Erciyes Teknopark Erciyes Teknoloji Transfer Ofisi (ETTO) tarafından ulusal, uluslararası ve Avrupa Patent başvuruları yapılmış olan buluş ile PET tabanlı ambalaj üretimi sırasında ısı ve mekanik etkiyle açığa çıkmakta olan kimyasalların azaltılacağını söyleyen Doç. Dr. Bilal Demirel, “Günlük hayatta pek çok ürünün, özellikle gazlı içeceklerin ambalajlanmasında PET plastikler kullanılmaktadır. Bu noktada gerek PET granül üretiminde, gerek granülden preform ve daha sonrasında şişe veya diğer film üretim proseslerinde insan sağlığına zararlı birçok kimyasallar açığa çıkmaktadır. Bizim çalışmamız bu zararlı kimyasalların oluşmasını engellemeye yönelik bir buluştur. Geliştirdiğimiz kimyasal madde PET granül içerisine çok az miktarda katılmakta ve PET’in herhangi bir yapısal bozulmasına sebebiyet vermemektedir. Ayrıca insan sağlığına da zararlı değildir. Üniversitemiz bünyesinde mevcut bulunan ambalaj laboratuvarında prototip üretim çalışmaları yapılmış, gerekli testler tamamlanmış ve olumlu sonuçlar alınmıştır. Bu bağlamda yaptığımız testler geliştirdiğimiz maddenin ambalaj malzemesinin içerisine güvenli bir şekilde katkılanabildiğini ortaya koymuştur. Test sonuçlarına göre mevcut ambalajlara kıyasla zararlı kimyasal oranları olabildiğince düşmüş durumdadır. Organik kimyasallardan oluşan ham maddeler reaktörlerde çok kompleks reaksiyonlar neticesinde PET granüller haline gelmektedir. Bu noktadan sonra bu granüller preform dediğimiz ara ürün haline getirilmekte bu aşamadan sonrada üretici arzu ettiği takdirde ilerleyen süreçlerde şişe haline getirilebilmektedir. Biz çalışmalarımızda PET granüller ile geliştirdiğimiz kimyasal maddeyi ekstrüder karıştırıcıda masterbach haline getirdikten sonra preform üretimi için enjeksiyon kalıplama, sonrasında da bu preformlardan şişirme kalıplama yöntemiyle önce ısıtarak, devamında basınçlı hava ile şişe haline getirdik. Geliştirdiğimiz bu kimyasal madde PET granül üretimi sırasında reaktör içerisine çok küçük oranlarda ilave edilerek PET polimerin reaktörde bekleme süresini azaltarak ham madde üreticisine ciddi enerji tasarrufu da sağlamaktadır. Diğer taraftan preform ve şişe üretimi sırasında gerek ısının etkisi ile gerekse mekanik etki ile açığa çıkan kimyasalları azaltabilmekteyiz” dedi.

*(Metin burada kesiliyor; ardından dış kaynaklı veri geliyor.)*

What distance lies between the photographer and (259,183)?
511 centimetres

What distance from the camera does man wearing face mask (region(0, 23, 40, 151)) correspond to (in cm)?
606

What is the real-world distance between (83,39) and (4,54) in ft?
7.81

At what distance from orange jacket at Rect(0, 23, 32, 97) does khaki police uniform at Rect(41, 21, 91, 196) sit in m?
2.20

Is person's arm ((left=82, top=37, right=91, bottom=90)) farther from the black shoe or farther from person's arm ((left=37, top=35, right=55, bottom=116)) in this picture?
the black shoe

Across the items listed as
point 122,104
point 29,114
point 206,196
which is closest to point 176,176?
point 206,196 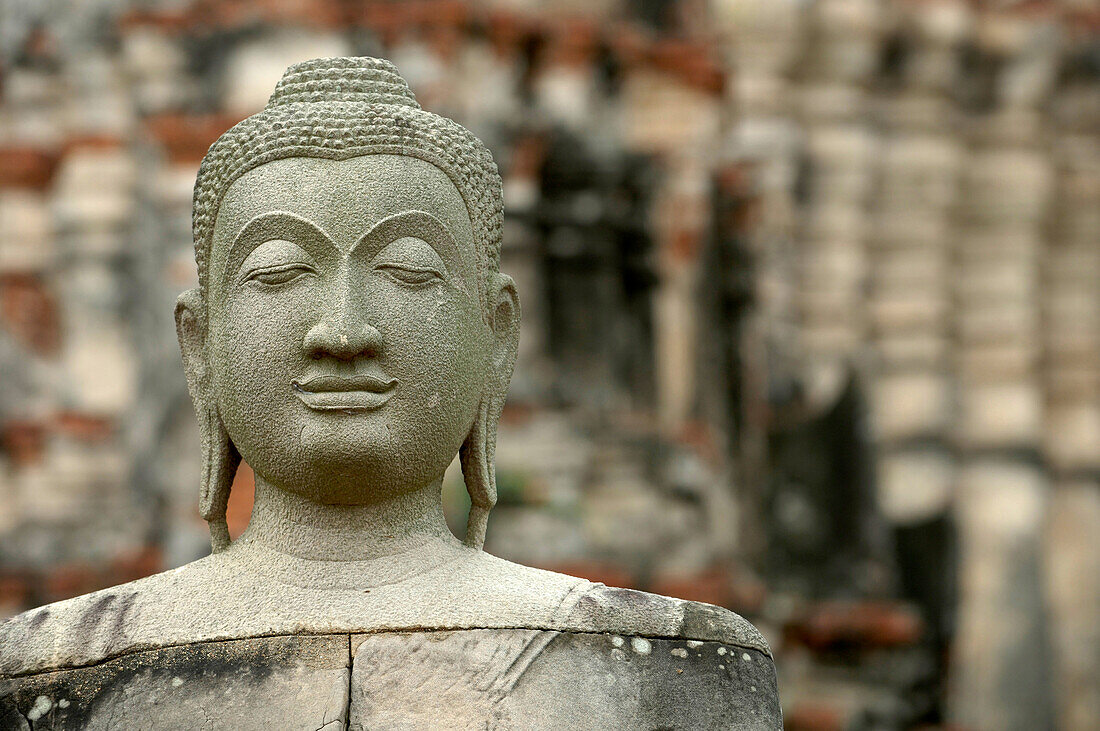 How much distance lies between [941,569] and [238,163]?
7.93 meters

Bilal Demirel, günlük hayatta kullanılan birçok plastiğin kanserojen hastalıklara neden olmasındaki rolünü daha aza düşürebilmek için böyle bir çalışma yaptıklarını söyleyerek, sözlerine şöyle devam etti:
“Günümüzde plastiklerin girmediği yer yok. Fakat kullanılan ham maddenin zamanla bozunabilir bir kimyasal olması dolayısıyla insan vücudunda kanserden kısırlığa kadar birçok hastalığa neden olmaktadır. Çok ciddi hastalıklara da zemin hazırlayabilmektedir. Bu noktada üzerinde çalıştığımız konu olması hasebiyle PET malzemeler o manada en güvenli plastik malzemeler sınıfına girmektedir. Bunu daha da güvenli hale getirebilmek adına böyle bir çalışma yaptık.”
Bu buluşun ETTO tarafından patent başvurusunun yapıldığını, Patent Tabanlı Teknoloji Destekleme Çağrısı kapsamında da TÜBİTAK’ın patentin kullanım haklarını lisanslayan veya devir yoluyla kullanım haklarını tamamen sahiplenen sanayi kuruluşlarına ödeyecekleri tutarların yüzde 75’ine kadarını geri ödediğini söyleyen Demirel, “Bu çalışmanın Erciyes Üniversitesi Erciyes Teknoloji Transfer Ofisi aracılığıyla ulusal, uluslararası ve Avrupa Patent başvuruları yapılmış durumdadır. Bu noktada Erciyes Üniversitesi Erciyes Teknoloji Transfer Ofisi'ne teşekkürü bir borç biliyorum. Bu patentin lisanslanması ve sanayiye aktarılması hususunda arzu eden sanayicilerimizin Erciyes Üniversitesi Erciyes Teknoloji Transfer Ofisi'ne başvurabileceklerini belirtmek istiyorum. Çalışmamızı lisanslamak isteyen sanayicilerimize bir avantaj olması anlamında TÜBİTAK’ın 1702 Patent Tabanlı Teknoloji Transferi Destekleme Çağrısı kapsamında TÜBİTAK’tan yapmış oldukları lisanslama veya devir masraflarını yüzde 75 oranına kadarını geri alabilmekteler. Bu destekten KOBİ’ler yüzde 75’e kadar, daha büyük sanayi kuruluşları ise yüzde 60 oranına kadar yararlanabilmektedir” dedi.